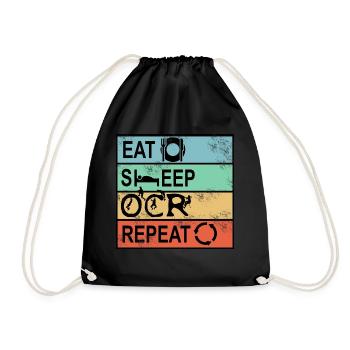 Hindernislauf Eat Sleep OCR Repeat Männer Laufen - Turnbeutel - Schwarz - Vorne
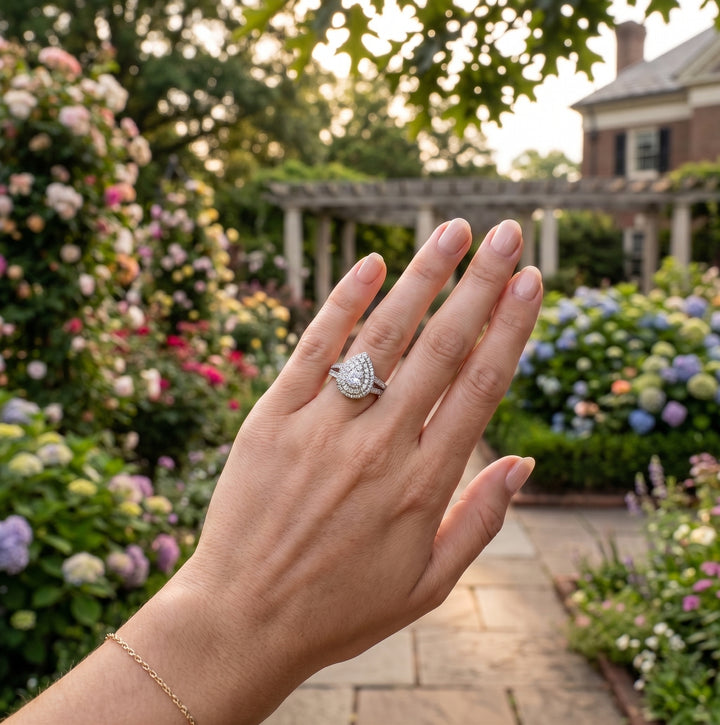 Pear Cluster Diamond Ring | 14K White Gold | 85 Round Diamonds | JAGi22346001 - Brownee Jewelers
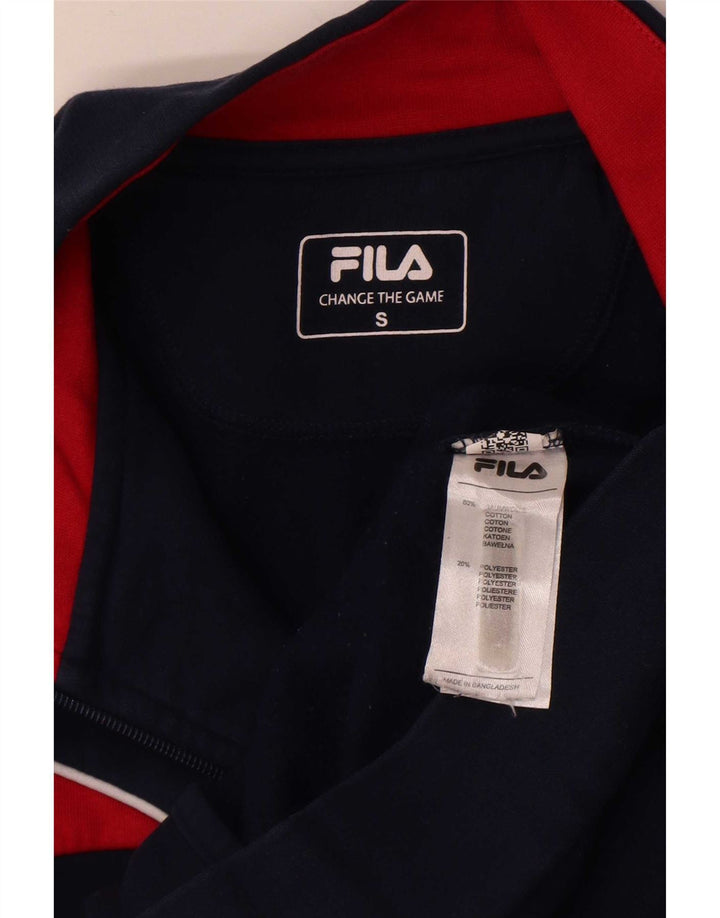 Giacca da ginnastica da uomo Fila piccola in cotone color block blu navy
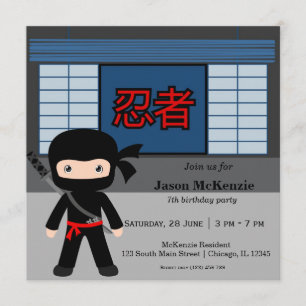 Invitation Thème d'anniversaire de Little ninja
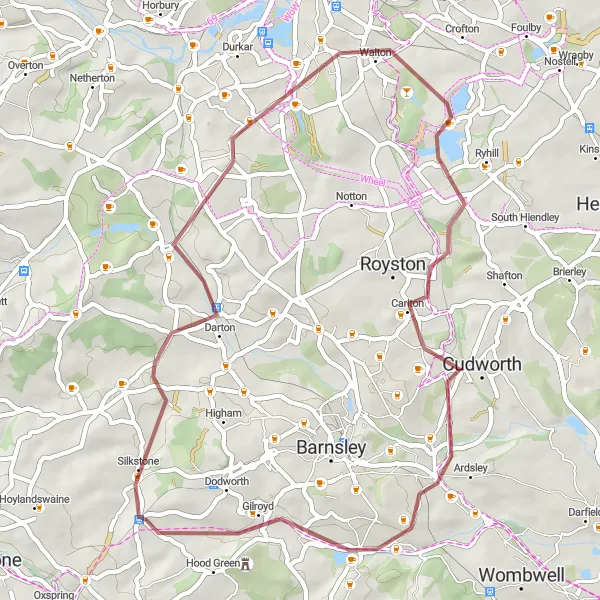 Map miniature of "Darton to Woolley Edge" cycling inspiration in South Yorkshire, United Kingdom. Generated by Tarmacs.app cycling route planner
──────────────────────────────
*Problem statement*: All of the listing above has to be reproduced exactly, though without its images.

*Result of this exercise*:
 Hindernislauf Eat Sleep OCR Repeat Männer Laufen - Turnbeutel - Schwarz - Vorne
 Pear Cluster Diamond Ring | 14K White Gold | 85 Round Diamonds | JAGi22346001 - Brownee Jewelers
 Giacca da ginnastica da uomo Fila piccola in cotone color block blu navy
 Invitation Thème d'anniversaire de Little ninja
 Map miniature of "Darton to Woolley Edge" cycling inspiration in South Yorkshire, United Kingdom. Generated by Tarmacs.app cycling route planner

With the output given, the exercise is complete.